Compound library and gametocyte assay screen

Compounds from the Sytravon library (a retired Pharma screening collection that contains a diversity of novel small molecules, with an emphasis on medicinal chemistry-tractable scaffolds) were obtained as powder samples and dissolved in DMSO as 400 and 80 µM stock solutions. Compound screening experiments were performed as previously described [11, 14]. In the primary screen, two concentrations for each compound were tested. No technical and biological replicates were involved. In the follow-up confirmation studies, three biological replicates were tested for each compound in both parasite assays. The positive control was 46 µM of Torin 2 and negative control was DMSO. Briefly, 2.5 μL/well incomplete medium was dispensed into each well of 1536-well plates using the Multidrop Combi followed by 23 nL compound transferring using the NX-TR Pintool (WAKO Scientific Solutions, San Diego, CA). Then, 2.5 μL/well of gametocytes was dispensed with a seeding density of 20,000 cells/well using the Multidrop Combi. The assay plates were incubated for 72 h at 37 °C with 5% CO₂. After addition of 5 μL/well of 2X AlamarBlue dye (Life Technologies, cat. no. DAL1100), the plates were incubated for 24 h at 37 °C with 5% CO₂ and then were read in a fluorescence detection mode (Ex = 525 nm, Em = 598 nm) on a ViewLux plate reader (PerkinElmer).

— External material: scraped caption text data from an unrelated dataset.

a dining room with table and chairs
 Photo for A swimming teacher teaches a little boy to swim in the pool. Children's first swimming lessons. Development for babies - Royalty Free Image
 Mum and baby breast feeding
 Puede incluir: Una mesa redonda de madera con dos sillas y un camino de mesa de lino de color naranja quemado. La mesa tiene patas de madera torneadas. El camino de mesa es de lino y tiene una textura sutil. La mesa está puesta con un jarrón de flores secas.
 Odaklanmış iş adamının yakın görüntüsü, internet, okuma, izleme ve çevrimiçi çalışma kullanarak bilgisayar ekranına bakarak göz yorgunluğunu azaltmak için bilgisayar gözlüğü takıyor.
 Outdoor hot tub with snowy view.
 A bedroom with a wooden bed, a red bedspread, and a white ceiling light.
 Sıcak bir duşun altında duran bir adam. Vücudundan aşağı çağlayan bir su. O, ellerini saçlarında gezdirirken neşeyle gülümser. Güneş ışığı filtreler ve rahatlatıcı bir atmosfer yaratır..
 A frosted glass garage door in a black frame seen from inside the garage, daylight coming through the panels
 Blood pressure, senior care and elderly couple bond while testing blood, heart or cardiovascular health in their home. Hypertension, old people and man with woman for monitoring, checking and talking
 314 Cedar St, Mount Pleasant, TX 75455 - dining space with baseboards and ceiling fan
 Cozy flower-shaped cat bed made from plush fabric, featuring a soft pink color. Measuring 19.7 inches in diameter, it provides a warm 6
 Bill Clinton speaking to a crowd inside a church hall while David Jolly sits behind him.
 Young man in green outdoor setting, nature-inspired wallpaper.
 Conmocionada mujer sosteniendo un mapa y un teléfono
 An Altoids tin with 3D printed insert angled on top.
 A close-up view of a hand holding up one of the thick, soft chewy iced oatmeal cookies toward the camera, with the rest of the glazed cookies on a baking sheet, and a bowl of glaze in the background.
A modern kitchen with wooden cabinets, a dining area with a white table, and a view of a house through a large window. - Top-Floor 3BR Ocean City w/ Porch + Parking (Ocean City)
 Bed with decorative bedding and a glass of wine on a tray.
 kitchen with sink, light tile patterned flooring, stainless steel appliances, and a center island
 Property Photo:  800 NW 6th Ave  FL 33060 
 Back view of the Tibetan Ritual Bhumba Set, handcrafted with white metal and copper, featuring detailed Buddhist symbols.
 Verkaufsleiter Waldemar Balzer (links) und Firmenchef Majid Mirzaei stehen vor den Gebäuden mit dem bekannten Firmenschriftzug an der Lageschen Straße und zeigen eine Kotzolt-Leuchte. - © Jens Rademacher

Asexual stage parasites drug activity assay

Drug activity on asexual stage parasites was tested using a SYBR Green assay as described previously [24]. Briefly, 2.5 μL/well complete culture medium was dispensed into each well of 1536-well plates using the Multidrop Combi followed by 23 nL compound transferring using the NX-TR Pintool. Parasites were diluted to 0.5% parasitaemia in complete culture medium with 2% haematocrit and drugs diluted in DMSO (≤0.5%). The pre-diluted parasites were dispensed into a 1536-well plate (2.5 μL/well). After 72 h incubation under the standard culture conditions, 5 μL/well of lysis buffer containing SYBR Green I was added to the parasite culture and incubated for 30 min at room temperature. The fluorescence of each well was measured in a fluorescence detection mode (Ex = 490 nm, Em = 520 nm) using a ViewLux plate reader (PerkinElmer).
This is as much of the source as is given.